■ Task prompt ■
Each line from the one containing "Santa's Favorite Homo" through the end of the entries below must be output exactly; no other line belongs.

-------- Extracted entries --------

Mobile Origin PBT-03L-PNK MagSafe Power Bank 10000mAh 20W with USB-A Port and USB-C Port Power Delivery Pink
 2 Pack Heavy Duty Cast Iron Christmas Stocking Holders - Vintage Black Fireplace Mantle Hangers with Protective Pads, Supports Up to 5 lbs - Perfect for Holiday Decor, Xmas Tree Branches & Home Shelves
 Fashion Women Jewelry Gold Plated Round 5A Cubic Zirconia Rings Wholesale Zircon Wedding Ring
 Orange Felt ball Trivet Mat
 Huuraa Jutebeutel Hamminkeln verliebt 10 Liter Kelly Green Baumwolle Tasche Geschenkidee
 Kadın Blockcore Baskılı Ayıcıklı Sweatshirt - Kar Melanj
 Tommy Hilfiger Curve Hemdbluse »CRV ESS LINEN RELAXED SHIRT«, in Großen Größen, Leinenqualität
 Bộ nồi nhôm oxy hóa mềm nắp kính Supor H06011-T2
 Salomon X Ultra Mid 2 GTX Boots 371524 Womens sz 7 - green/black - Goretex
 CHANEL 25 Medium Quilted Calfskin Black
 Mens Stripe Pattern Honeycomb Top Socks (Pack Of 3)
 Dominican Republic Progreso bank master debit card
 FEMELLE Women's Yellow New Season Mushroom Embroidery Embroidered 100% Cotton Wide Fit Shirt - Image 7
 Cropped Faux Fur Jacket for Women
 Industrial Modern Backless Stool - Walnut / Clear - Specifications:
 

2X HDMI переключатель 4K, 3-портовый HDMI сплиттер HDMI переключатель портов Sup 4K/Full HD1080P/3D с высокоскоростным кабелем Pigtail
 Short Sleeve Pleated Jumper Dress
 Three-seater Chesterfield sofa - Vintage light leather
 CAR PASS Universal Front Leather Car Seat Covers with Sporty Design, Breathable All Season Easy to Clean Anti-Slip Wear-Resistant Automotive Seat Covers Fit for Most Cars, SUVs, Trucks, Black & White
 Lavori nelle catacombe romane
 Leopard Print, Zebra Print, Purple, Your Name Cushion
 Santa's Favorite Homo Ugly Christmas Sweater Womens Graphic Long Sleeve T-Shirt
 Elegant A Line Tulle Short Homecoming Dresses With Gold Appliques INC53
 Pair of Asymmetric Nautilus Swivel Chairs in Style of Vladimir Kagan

--------

■ Reply to the task ■
 Santa's Favorite Homo Ugly Christmas Sweater Womens Graphic Long Sleeve T-Shirt
 Elegant A Line Tulle Short Homecoming Dresses With Gold Appliques INC53
 Pair of Asymmetric Nautilus Swivel Chairs in Style of Vladimir Kagan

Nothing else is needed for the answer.